Complete step by step answer:
The given question need to be solved with the help of rules related with the vector algebra in order to get the solution for this question, here first we need to expand the given conditions and then try to reach to the asked question, on solving we get:
Given that:

$$\Rightarrow \vec u \times \vec v + \vec u = \vec w\,and\,\vec w \times \vec u = \vec v \\\ \Rightarrow \left( {\vec u \times \vec v + \vec u} \right) \times \vec u = \vec w \times \vec u \\\ \Rightarrow \left( {\vec u \times \vec v} \right) \times \vec u + \vec u \times \vec u = \vec v\,(as\,\vec w \times \vec u = \vec v) \\\ \Rightarrow \left( {\vec u.\vec u} \right)\vec v - \left( {\vec v.\vec u} \right)\vec u + \vec u \times \vec u = \vec v \\\$$

Using, $\vec u.\vec u = 1,\,and\,\vec u \times \vec u = 0$, since the dot product of the unit vector is one, and the cross product of the unit vector is zero.

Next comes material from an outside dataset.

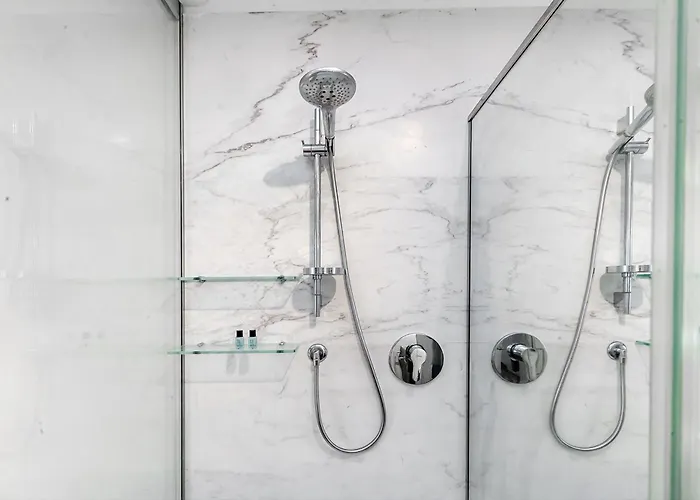 San Babila Executive - Discover The Historic Centre Of * מילאנו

$$\Rightarrow \left( 1 \right)\vec v - \left( {\vec v.\vec u} \right)\vec u + 0 = \vec v \\\ \Rightarrow \vec v - \vec v = \left( {\vec v.\vec u} \right)\vec u \\\ \Rightarrow \left( {\vec v.\vec u} \right)\vec u = 0 \\\ \Rightarrow \vec u.\vec v = 0\,(as\,\vec u \ne 0)..................................................(eq1) \\\ \Rightarrow [\vec u\,\vec v\,\vec w] = \vec u.(\vec v \times \vec w) \\\ \Rightarrow given\,\vec u \times \vec v + \vec u = \vec w \\\ \Rightarrow \vec u.(\vec v \times \left( {\vec u \times \vec v + \vec u} \right)) \\\ \Rightarrow \vec u.(\vec v \times (\vec u \times \vec v) + \vec v \times \vec u) \\\ \Rightarrow \vec u.((\vec v.\vec v)\vec u - (\vec v.\vec u)\vec v + \vec v \times \vec u) \\\ \Rightarrow \vec u.(|{{\vec v}^2}|\vec u - 0 + \vec v \times \vec u)\,\sin ce\,(\vec v.\vec u = 0,from\,eq1) \\\ \Rightarrow |{{\vec v}^2}|(\vec u.\vec u) + \vec u.(\vec v \times \vec u) \\\$$ $$\Rightarrow |{{\vec v}^2}||\vec u{|^2} + 0 \\\ \Rightarrow 1\,(\sin ce\,|\vec v|,|\vec u| = 1\,unit\,vectors) \\\ \Rightarrow \therefore [\vec u\,\vec v\,\vec w] = 1 \\\$$

Here we get the answer for the question, the asked magnitude value is one.

Note: Here the given question is of vector algebra and vector algebra works on its properties, multiplication, division has its own rule, here there are two types of multiplication, one is dot product and the other one is cross product and they act separately.